Before the Brotherhood’s ascent to power, the state tried to maintain its grip over Al-Azhar. A law organizing the powers of the Supreme Council of Scholars (SCS) — the body entitled to elect the grand sheikh and the country’s mufti as well as decide the policies and regulations of the institution — was passed by the then ruling military council in January 2012, only a few days before the first Brotherhood-dominated parliament convened. Critics believe that the military and Al-Azhar leadership rushed to pass the law before the parliament convened in order to avoid any attempts by the Brotherhood to intervene in the drafting process.
With the Brotherhood’s rise to power, many observers described ambitions by the group to expand its influence to the SCS.
A food-poisoning scandal inside the university’s dorms that left 500 students hospitalized earlier this year was a sign of deteriorating management inside the university, which led the university’s students to storm Tayyeb’s office, demanding his resignation.
The Brotherhood was heavily criticized for inciting the students against Tayyeb, especially after a decision by SCS to exclude the group’s scholar Abdel Rahman al-Barr from holding the position of al-mufti.
Barr was elected as the dean of Al-Azhar’s Faculty of Principles of Religion and Daawa in Mansoura in 2011 following the January 25 revolution. Before the revolution, university deans were appointed by the government, and security prevented Brotherhood-affiliated scholars from holding such posts.
But this more recent power struggle hinges on a longer established presence of the Brotherhood on campus, which has always bothered the state.

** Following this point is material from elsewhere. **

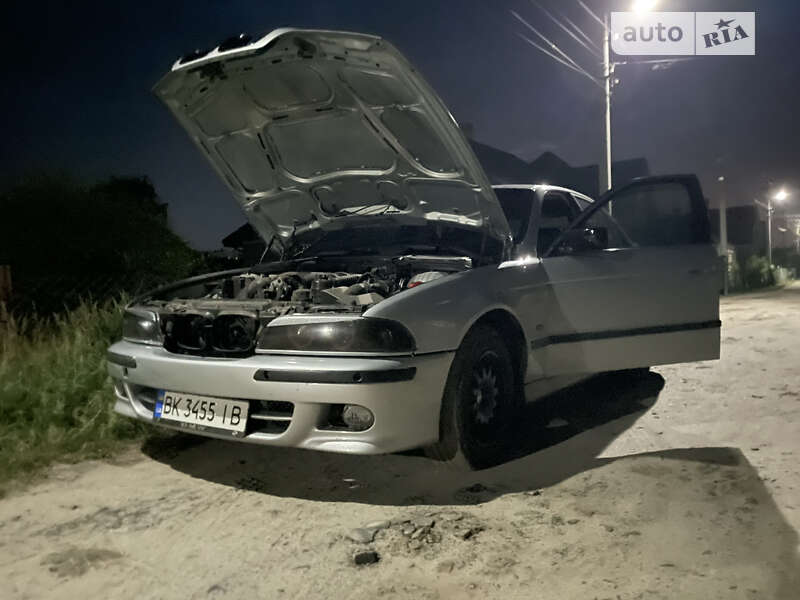 1998 bmw 520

Moaty Yassin, coordinator of the student movement of Dostour, which was founded by reform leader Mohamed ElBaradei, says that although there has been a considerable presence of more liberal currents within the student movement in Al-Azhar, the Brotherhood still enjoy precedence.

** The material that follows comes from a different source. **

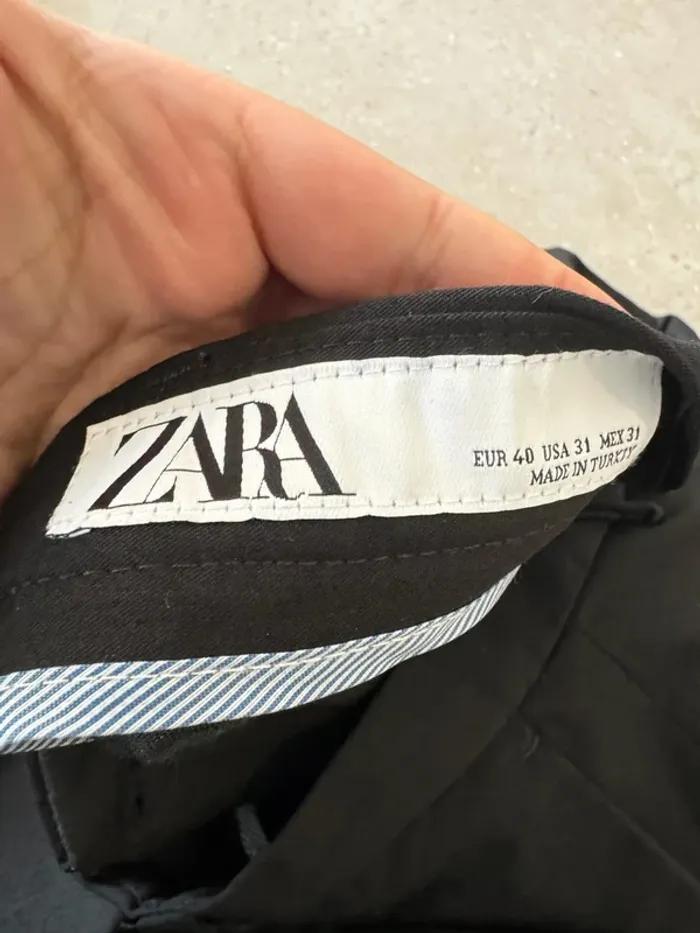 Pantalon noir Zara, très bon état, taille 40 40x105cm - photo numéro 2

“The academic nature of Al-Azhar attracts Brotherhood members who can in turn easily attract students with a similar social, religious and conservative background,” he explains.
Sherif Younis, a historian at Helwan University, sees the Brotherhood control over Al-Azhar as a product of state absence.
“The Brotherhood managed, as they did with every institution in this country, to fill the vacuum of the state; which remained too concerned with security,” he says.
Younis argues that it was former President Gamal Abdel Nasser who paved the ground for this strong Brotherhood presence — for instance, efforts to introduce liberal arts education into Al-
Azhar’s curriculum allowed the Muslim Brotherhood to easily influence the institution.
“The Brotherhood student movement is the product of modern education in Egypt, as we have seen in the strong presence created in the 1970s by the Muslim Brotherhood student leaders in schools of medicine and engineering in Egyptian universities,” he explains.
Younis also adds that the teaching methods in Al-Azhar depend heavily on textbooks that show only one-sided analysis and arguments.
“These teaching methodologies introduced more extremism inside Al-Azhar,” hence providing a fertile environment for the Brotherhood to operate, he says.
For Younis, it was easy for the state to control the institution from the top, by appointing clerics affiliated with the state.
Today with an ongoing battle between the security apparatus and the Brotherhood of Al-Azhar, it remains to be seen whether this state control over Al-Azhar will continue to unsettled.
For the Brotherhood student leader, real independence of Al-Azhar would show the strength of the Brotherhood.
“We see a contradiction between the institution’s leadership and its grassroots,” he says. “Let us elect the grand sheikh and the situation will completely change, it is as simple as that.”